Il ressort des apports de la littérature que l’étude des choix organisationnels et de leur alignement semble constituer un cadre d’analyse pertinent du partage de la FRH. La problématique globale de ce travail est de comprendre l’incidence des choix

organisationnels, et notamment ceux impliquant les systèmes d’information, sur le succès de partage de la FRH avec les managers.

La présente étude sera alors guidée par la question de recherche suivante :

- Comment le désalignement stratégique contribue-t-il au faible développement des

capacités, des motivations et des opportunités des managers de mettre en place le partage de la fonction ressources humaines ?

Cette question principale de recherche peut se décliner en trois questions sous-jacentes : - Quels facteurs organisationnels peuvent expliquer le développement de freins et de

moteurs de l’alignement stratégique ?

- Quelle est l’incidence des usages des SI dans le partage de la fonction ressources humaines ?

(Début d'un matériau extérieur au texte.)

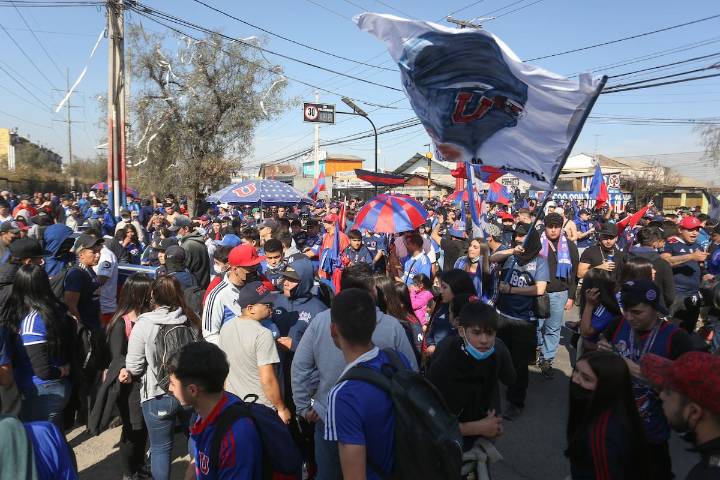 Interrumpieron la serie de Copa Davis: hinchas de la U provocaron graves desmanes en los alrededores del Estadio Nacional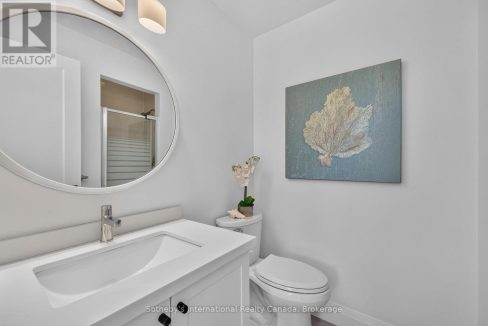 29921125-c71372ef6e-21.jpg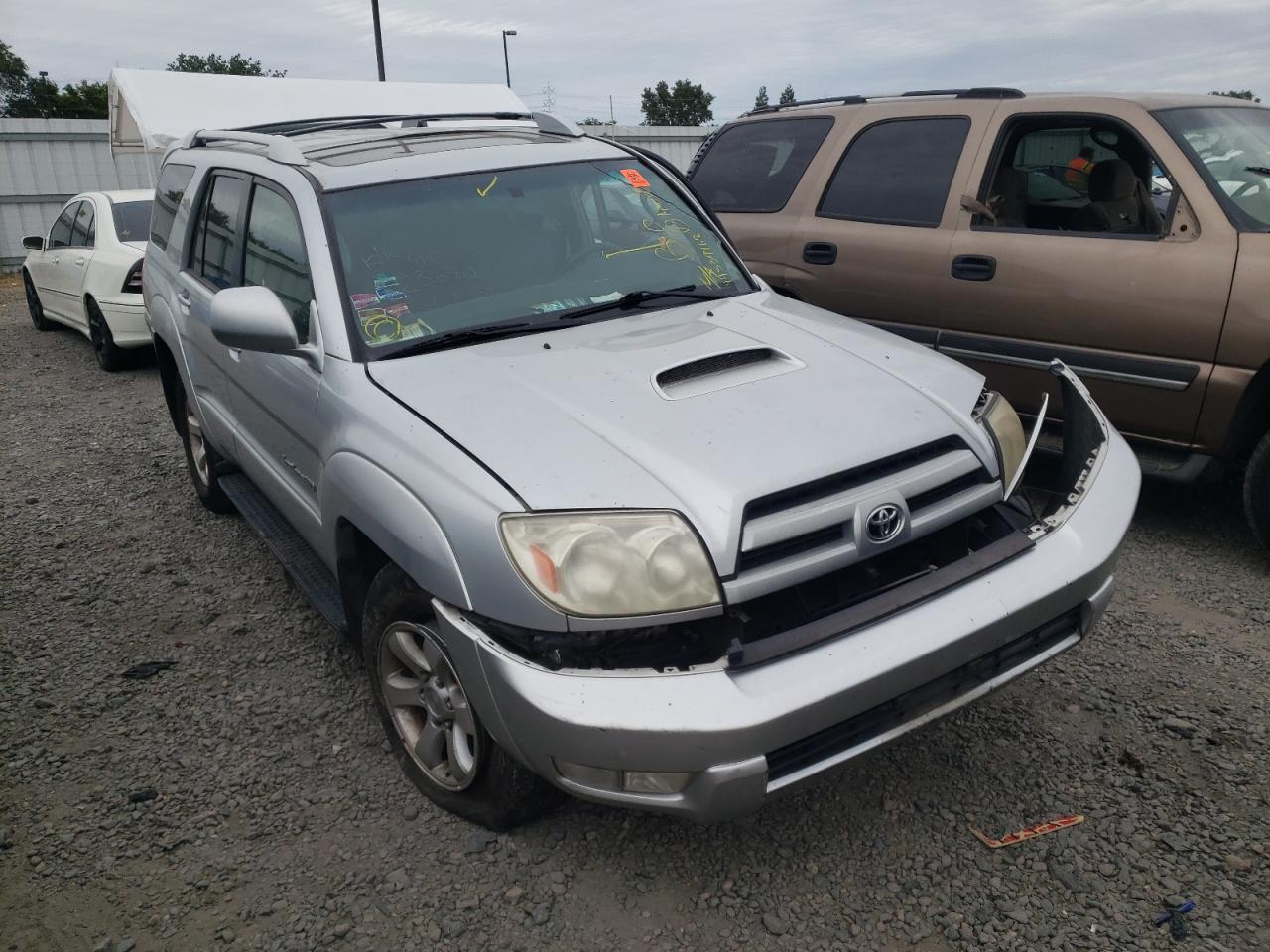 Photo 1 from auction – 2005 TOYOTA 4RUNNER SR with VIN JTEBU14R558031289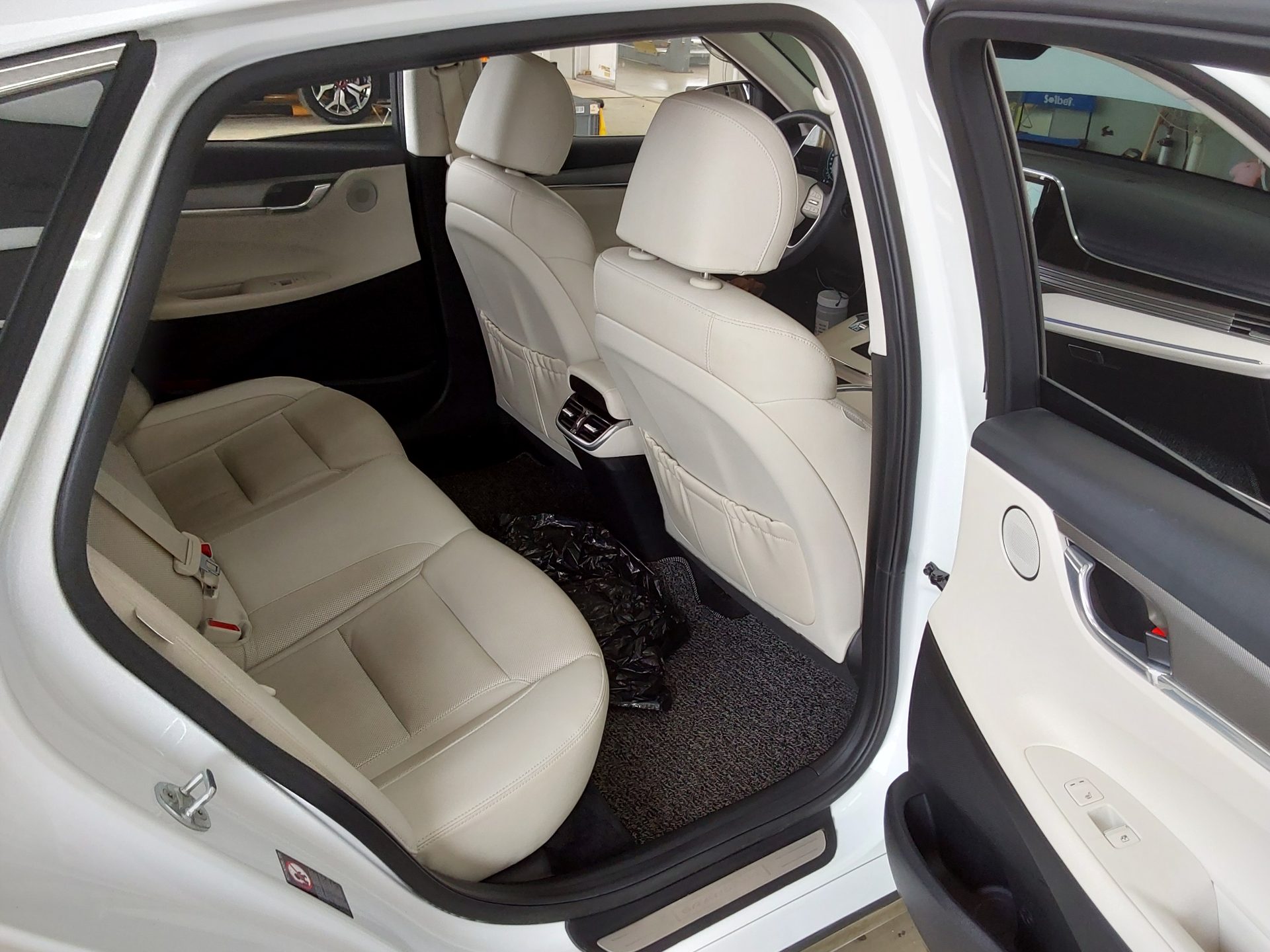 Hyundai Grandeur 2022 - Image 13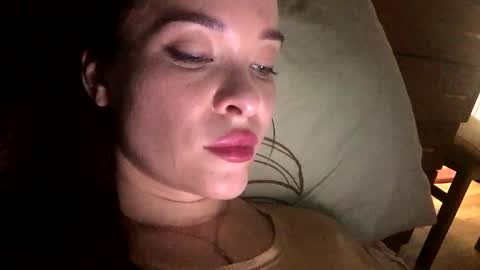 Snapshot of magggg658318 chatting on September 20, 4:30 pm magggg658318 online show from September 20, 4:30 pm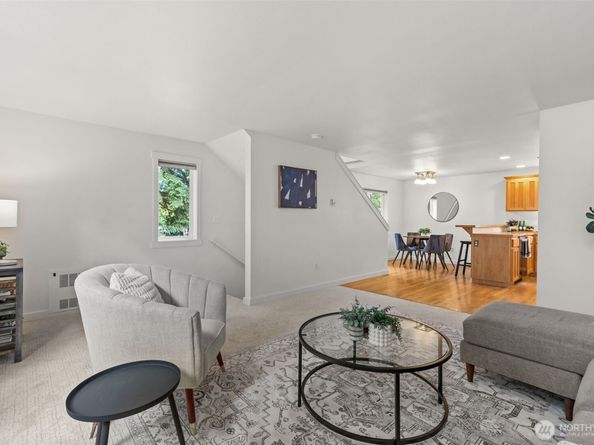 12311 Roosevelt Way NE B, Seattle WA 98125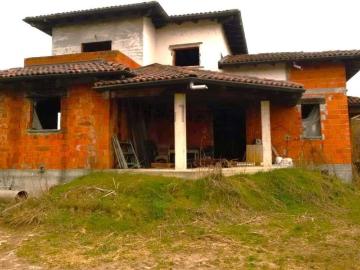 Villetta indipendente in vendita di 282 m² in Via Roma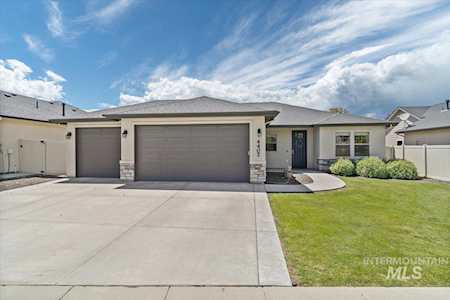 4407 S Lava Springs Loop Nampa, ID 83686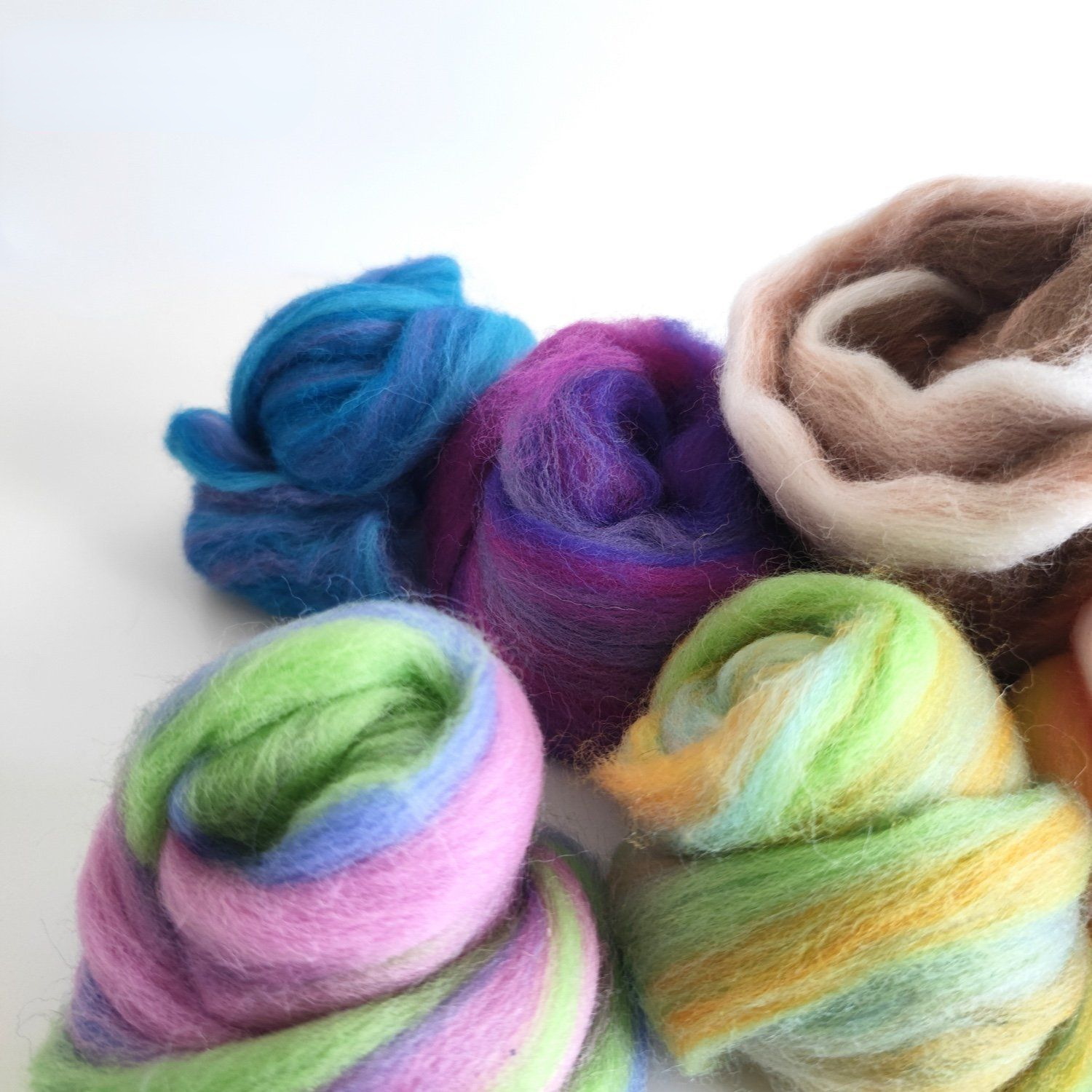Fieltro de lana Feltro de lana de colores mezclados Tiras de lana de colores mezclados Clusters de hilo Amigable para la piel Poking Le Tinte mezclado Serie multicolor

- Comment l’alignement stratégique contribue-t-il au développement des usages des SI attendus ?

Notre recherche vise alors un double objectif. Sur le plan théorique, elle propose deux contributions. La première consiste à enrichir la littérature, encore sommaire, de l’alignement stratégique dans le champ de la GRH. Elle permet ainsi d’étudier comment l’alignement stratégique explique la performance, entendue ici comme le partage effectif de la FRH. La seconde revient à combiner de manière inédite les deux approches conceptuelles que sont l’alignement stratégique et l’AMO pour fournir un modèle unique englobant les deux grilles d’analyse. Afin de clarifier cet élément, la contribution principale de la recherche est schématisée dans la figure 0-2 suivante.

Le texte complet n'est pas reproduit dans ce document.